Meski Taiwan telah menjadi tuan rumah beberapa acara olahraga internasional, para kritikus mencatat bahwa kompetisi ini sering kali hanya menarik sedikit peserta. Namun, DPP melihat keterlibatan asing yang minimal sebagai peluang memproyeksikan Taiwan sebagai entitas independen. Strategi ini, meski dikritik karena melebih-lebihkan signifikansi Taiwan, tetap menjadi landasan pendekatan internasional DPP.
Langkah China Berikutnya?
Para pakar memperkirakan bahwa China mungkin akan menanggapi tindakan Taiwan dengan lebih agresif. Beijing, yang telah menyatakan ketidaksetujuannya terhadap Taiwan yang bersaing dengan nama sendiri, dapat meningkatkan tekanan terhadap pulau tersebut.
Di masa lalu, China telah menggunakan manuver militer, seperti penyerbuan ke wilayah udara Taiwan dan peningkatan kehadiran angkatan laut, untuk menegaskan dominasi dan menghalangi gerakan separatis. Tindakan serupa dapat ditingkatkan dalam beberapa bulan mendatang.
Frustrasi karena tidak mampu secara politis untuk menggulingkan DPP, China mungkin akan mengandalkan unjuk kekuatan militer untuk menegaskan kembali posisinya, menurut para pakar.
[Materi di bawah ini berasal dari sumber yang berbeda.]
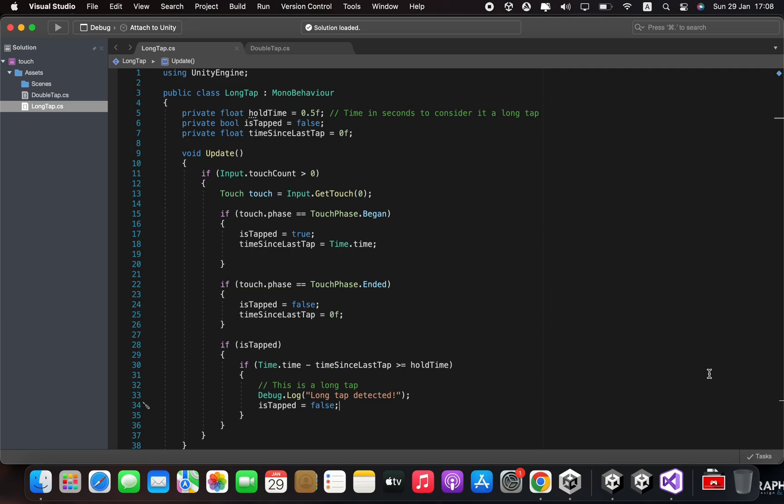In the update function, we check if there is any touch input using input touch count greater than zero. If there is touch input, we get the first touch using input get touch zero.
Tentara Pembebasan Rakyat (PLA) sebelumnya telah melakukan latihan militer di dekat Taiwan setelah pertikaian politik, dan para analis meyakini taktik serupa dapat digunakan untuk mengirim pesan kuat kepada para pemimpin Taiwan. Ketika ketegangan meningkat, hubungan lintas-Selat kemungkinan akan semakin memburuk, menimbulkan risiko tidak hanya bagi Taiwan, tetapi juga bagi stabilitas kawasan.